# east/escambia bay sharkin



## foreverfishing (Nov 30, 2012)

how far up east and Escambia bay have yall caught sharks? I know bulls can go anywhere deep enough so im just wondering where would be a good place to hit when I don't got the gas or time to make it to the surf. I fish garcon point a lot but that water is really shallow for more than 300 yards(as far as I can drop) 

im not looking for any honey holes but does anybody know of any places that might be deep enough around either area?

thanks


----------



## jaster (Oct 7, 2007)

I have seen them up near the railroad bridge near I10, seen em near Garcon Point bridge. Caught them off Dickerson city years ago. They are there!!


----------



## foreverfishing (Nov 30, 2012)

jaster said:


> I have seen them up near the railroad bridge near I10, seen em near Garcon Point bridge. Caught them off Dickerson city years ago. They are there!!

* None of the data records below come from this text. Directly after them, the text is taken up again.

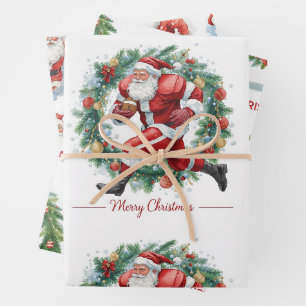 Hoja De Papel De Regalo Fútbol Navidad con Santa Claus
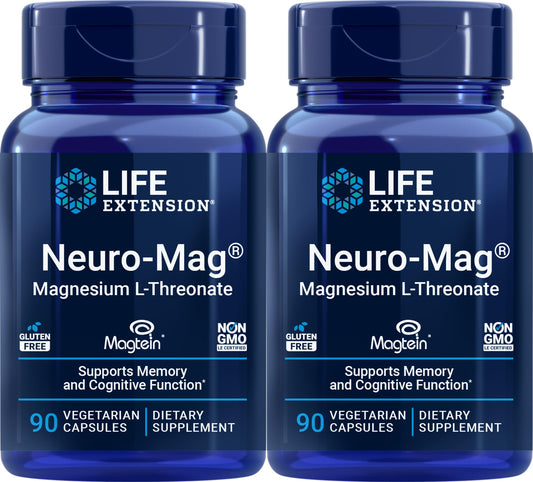 Life Extension Neuro-mag Magnesium L-threonate, 90 Count (2 Pack) – Brain Support & Focus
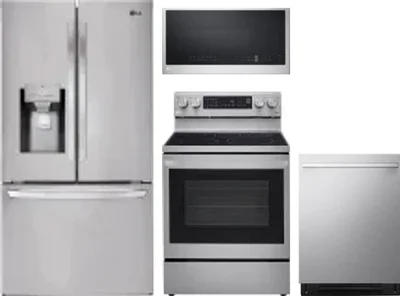 4 Piece Package Includes Refrigerator, Range, Microwave And Dishwasher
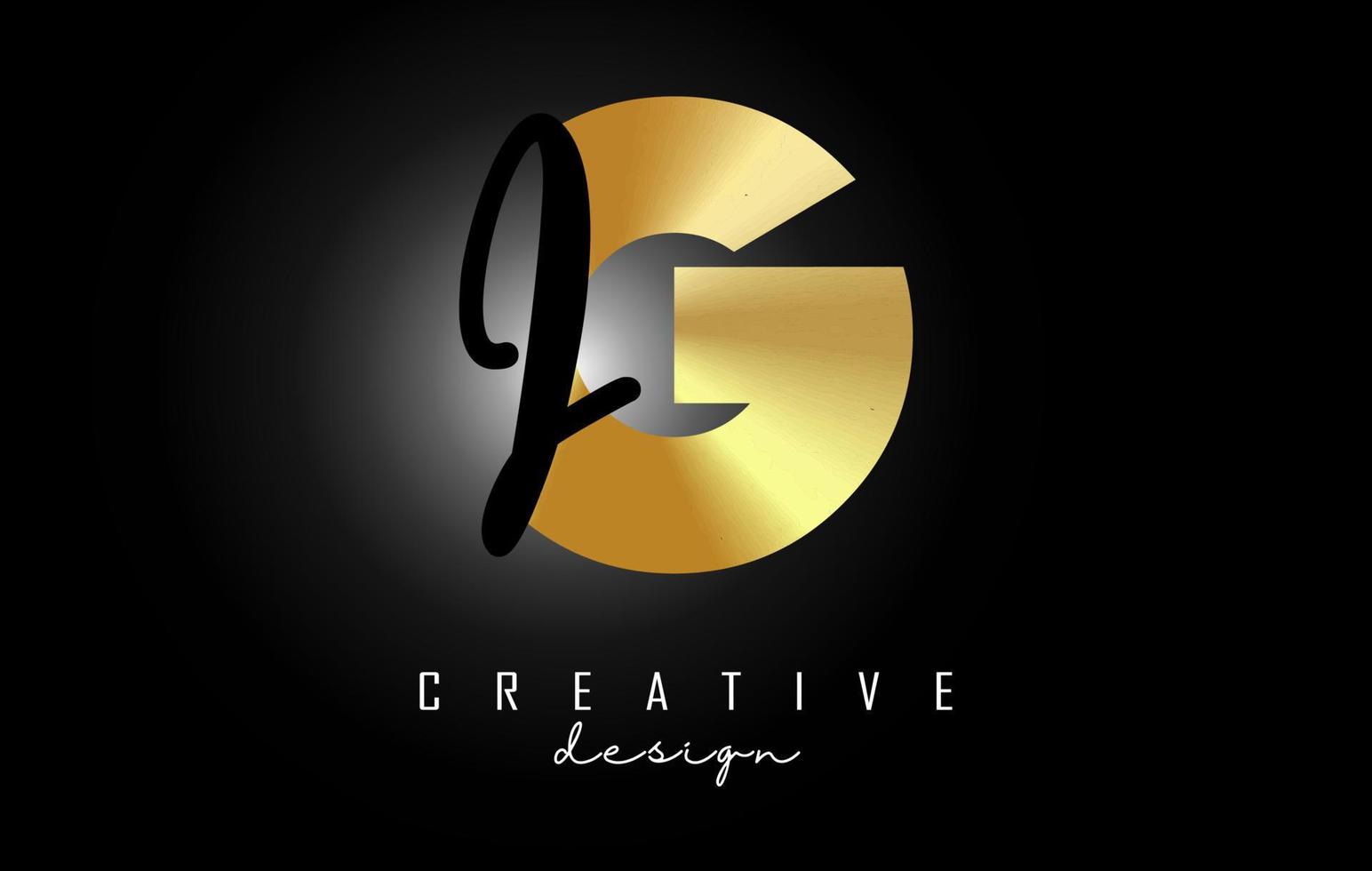 Golden Letters GI Logo with a minimalist design. Letters G and I with geometric and handwritten typography. vector
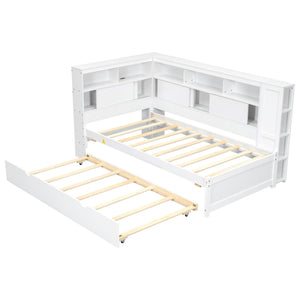 English Elm Twin Daybed with Built-In Shelves, USB Port & Trundle — Solid Pine Frame, Sturdy Storage and Smooth Wheels for Space-Saving Sleep Solutions White GX000467AAK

thanks man. I think I might try Dickerson city. how far out do you think I need to drop there? ive waded out there pretty far. I don't think bulls care though.


----------



## CatHunter (Dec 31, 2008)

I have seen them up Escambia river.


----------



## foreverfishing (Nov 30, 2012)

CatHunter said:


> I have seen them up Escambia river.


on occasion or frequently?


----------



## grgrobards (Nov 15, 2011)

Floridatown.

Greg


----------



## CatHunter (Dec 31, 2008)

Late August they will be way up the rivers


----------